Really not seeing a lot of skepticism on display there. YRMV.
 
And also in the published texts. I assure you my methods of clairvoyance are entirely mundane, and mediated by nothing more than the four fundamental forces of the Standard Model.

Yes, the four spiritual forces that flow through the aetherical leylines! You can read all about it in my doctoral dissertation The Minotaur's Balls: Towards a Semiotic Convergence of Mythopoeticism in Eclectic Transformative Paradigms In Early Christian Alchemy soon to be published by Marvel Comics! It will include a coupon for a half-price jumbo shrimp entree from Grabby's! "If it crawls on the ocean floor, you can eat it at Grabby's!"
 
I read that thing twice and am still unclear: are they studying this as history, as in the history of belief in the occult? Because that is a legitimate historical subject, studying what people in the past believed and what they did because of those beliefs, and how remnants of those beliefs live on.

Or is it a study of magic as if it were a real thing?

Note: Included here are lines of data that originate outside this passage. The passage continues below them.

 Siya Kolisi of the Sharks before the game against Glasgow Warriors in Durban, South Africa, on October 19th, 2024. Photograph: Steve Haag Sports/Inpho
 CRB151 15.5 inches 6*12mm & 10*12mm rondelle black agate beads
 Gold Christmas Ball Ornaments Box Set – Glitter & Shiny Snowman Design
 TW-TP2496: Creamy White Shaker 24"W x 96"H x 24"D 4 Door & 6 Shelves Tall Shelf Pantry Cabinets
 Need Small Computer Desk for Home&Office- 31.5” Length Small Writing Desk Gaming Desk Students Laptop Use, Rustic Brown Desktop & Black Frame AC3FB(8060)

Because that is silly.

It's the difference between a course on studying religions, and a course preaching those religions.

Sounds to me like it's sort of up to the student to decide.

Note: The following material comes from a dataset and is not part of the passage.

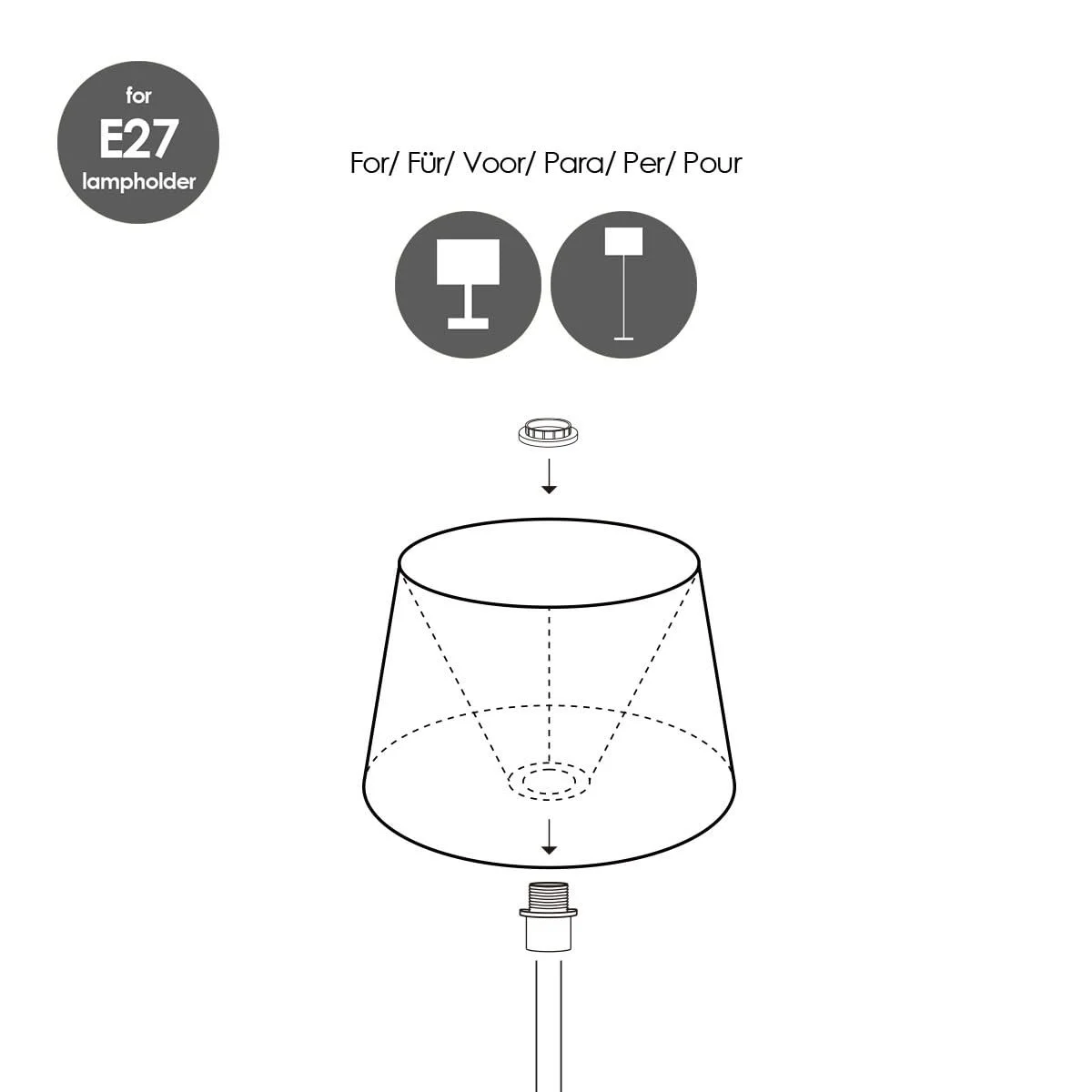 Настільна лампа Home Sweet Home Largo Modern 30/30/38 см латунь метал E27 зі шнуровим вимикачем біла, фото №8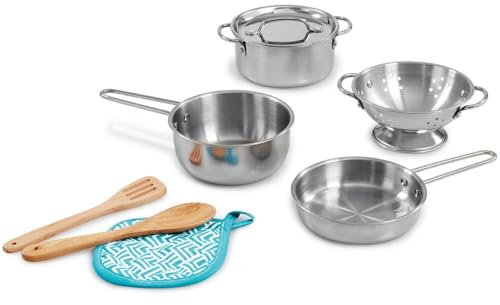 ELC Metal Pots And Pans Set Toy Kitchen Accessories For Children 3 Years+ Play Toy Pots And Pans Play Kitchen Utensils Toy Pan Set Early Learning Centre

Might be some interesting source material for an aspiring writer of the Fantasy genre.
 
Sounds to me like it's sort of up to the student to decide.

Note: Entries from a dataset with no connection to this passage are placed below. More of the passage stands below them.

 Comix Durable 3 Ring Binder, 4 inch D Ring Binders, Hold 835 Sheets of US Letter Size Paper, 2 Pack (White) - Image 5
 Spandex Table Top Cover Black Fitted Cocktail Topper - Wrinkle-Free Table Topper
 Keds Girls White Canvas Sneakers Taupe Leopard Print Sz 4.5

Might be some interesting source material for an aspiring writer of the Fantasy genre.

Seems like the kind of thing academia is pretty good at sorting out itself. Funding and publication is a competitive process.

Good scholarship will get published in more reputable journals and lead to more funding or career advancement or prestige while dubious scholarship may get published in pay-to-play publications of poor reputation and lead to a career dead end.
 
Seems like the kind of thing academia is pretty good at sorting out itself. Funding and publication is a competitive process.

Good scholarship will get published in more reputable journals and lead to more funding or career advancement or prestige while dubious scholarship may get published in pay-to-play publications of poor reputation and lead to a career dead end.

Professorship at a university for the study and practice of magical thinking seems like a career dead end to me. And modern history is clear that there is a large demographic of people who are happy to pay mediocre schools for useless degrees. Academia pretty good at sorting itself out, but not everything sorts to the top.
 
That's because you haven't thought it through. Imagine being the professor who has to listen to a student talk about their D&D character for two hours, because it's their master's thesis.

What's the salary? It doesn't sound like a pleasant job, but if the pay is sufficient it could be endured. I'd rather do that than work in retail again.
 
What's the salary? It doesn't sound like a pleasant job, but if the pay is sufficient it could be endured. I'd rather do that than work in retail again.

Generally speaking, academia jobs are in extreme demand. Adjuncts in a variety of fields, including precious STEM, are doing far worse for next to zero pay for just the slim chance of getting tenure track position.
 
Sounds like you could CLEP the degree.

Also, chiming in that this is a bull **** degree for those who want letters after their names without being in a legitimate discipline.

I'd go so far as to say it's a bull **** degree for a specific kind of student whose magical thinking practices aren't getting enough validation, even from a typical liberal arts college.
 
I'd go so far as to say it's a bull **** degree for a specific kind of student whose magical thinking practices aren't getting enough validation, even from a typical liberal arts college.

Education is a business, you make money by offering the consumer what they want. Not all schools can literally afford to be academically rigorous.
 
Education is a business, you make money by offering the consumer what they want. Not all schools can literally afford to be academically rigorous.

I have an accredited Doctorate around here somewhere in I think Metaphysics that I used to win a bet. Of course, the esteemed academic institution kind of owned the accredition mill, but that didn't change the color of the cash I won.